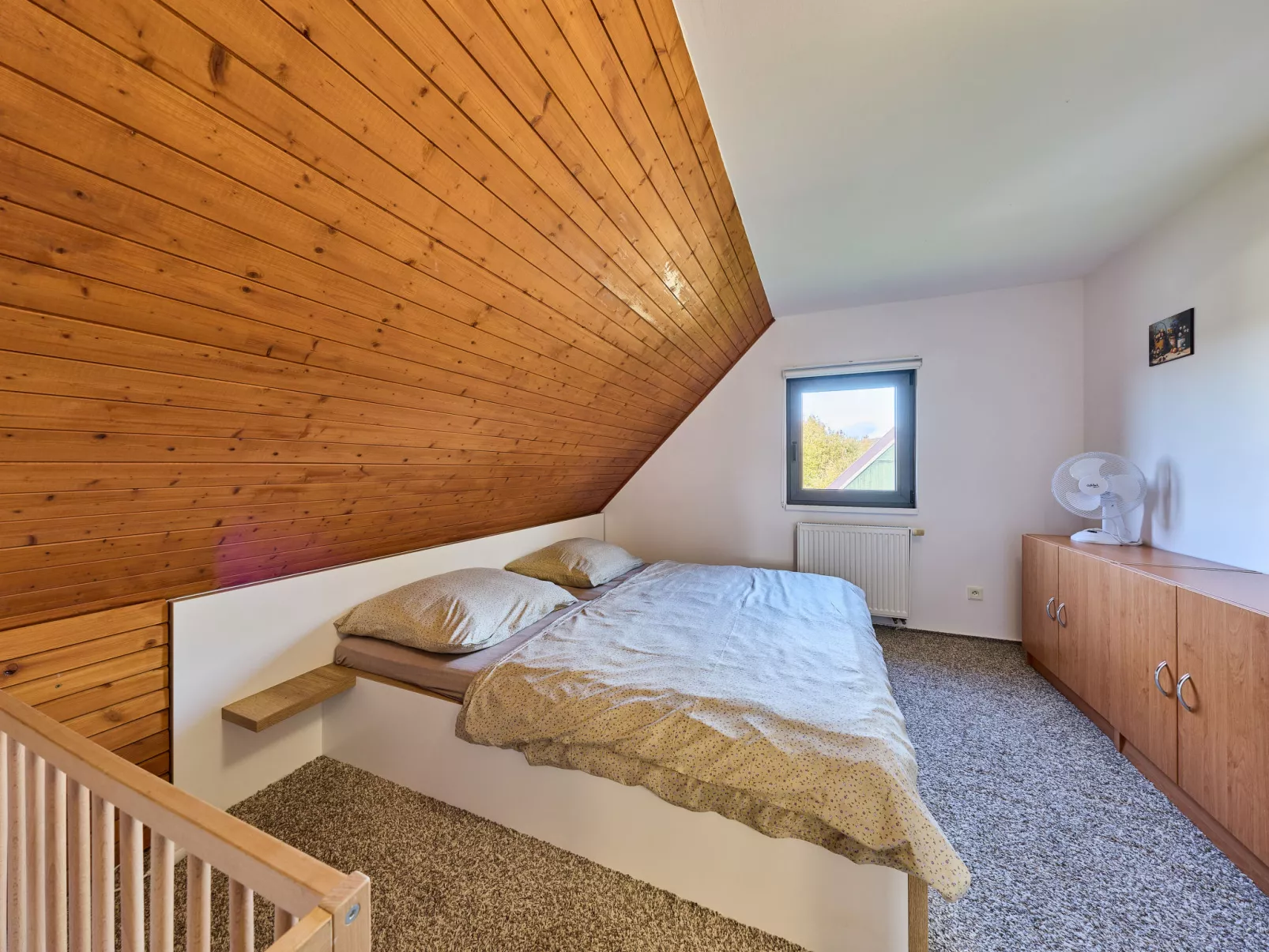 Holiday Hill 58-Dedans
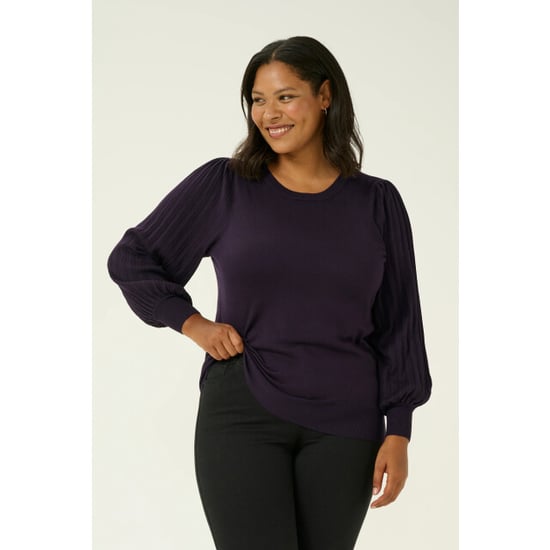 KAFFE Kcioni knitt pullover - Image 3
--
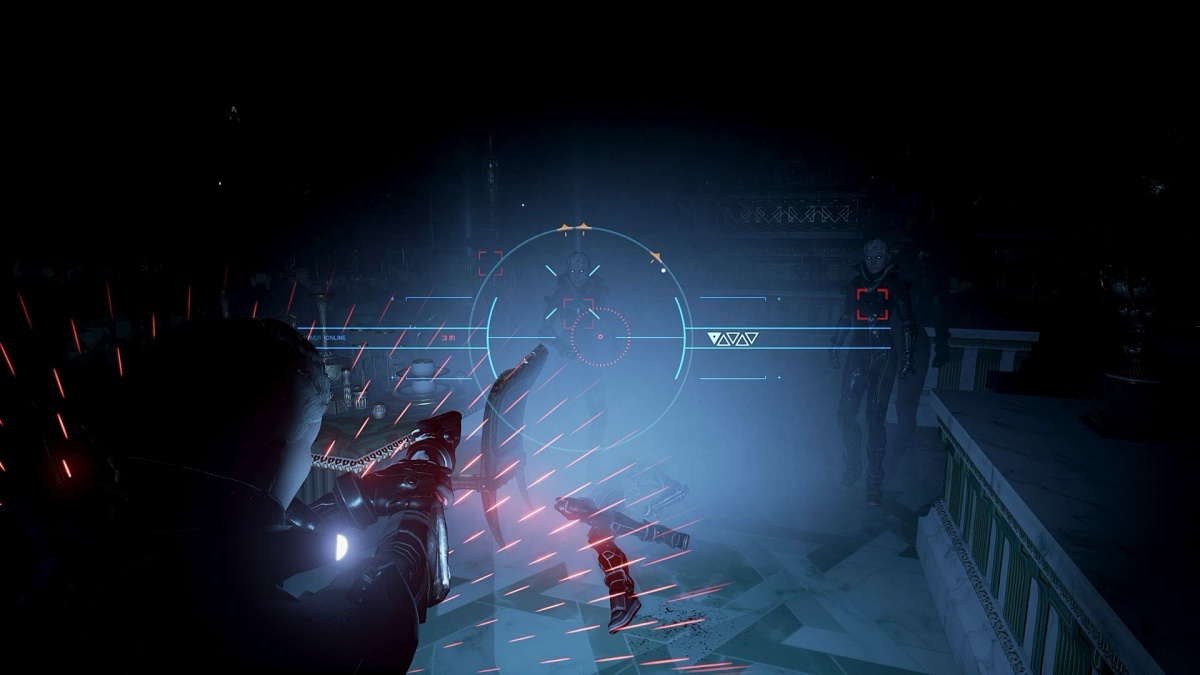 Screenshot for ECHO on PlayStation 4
--
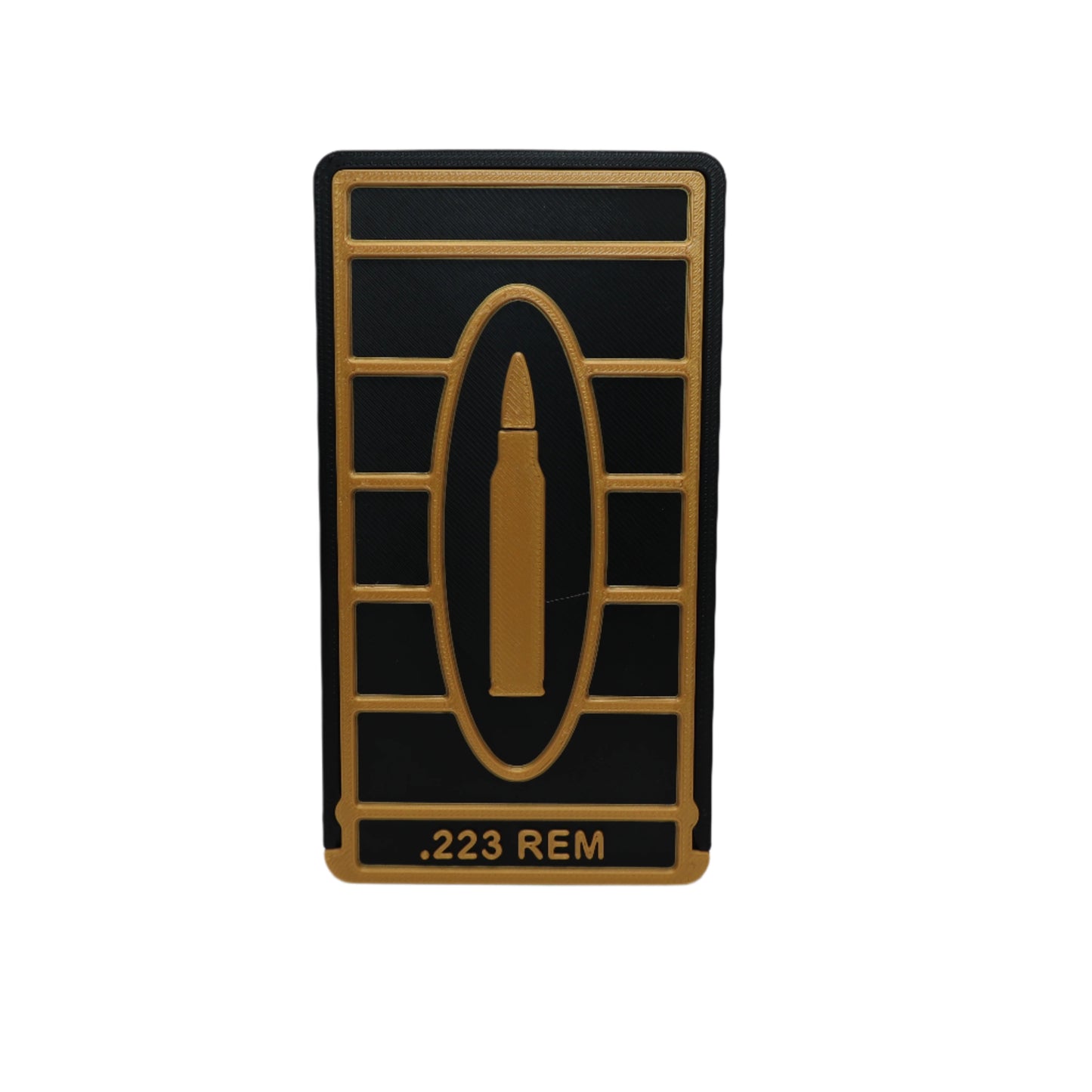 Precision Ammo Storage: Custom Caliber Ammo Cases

■ Required action
Copy word for word the span of the records above that begins at the line with "Holiday Hill 58-Dedans" and ends at the line with "KAFFE Kcioni knitt pullover - Image 3", including those two lines but not the pictures.

■ Response
 Holiday Hill 58-Dedans
 KAFFE Kcioni knitt pullover - Image 3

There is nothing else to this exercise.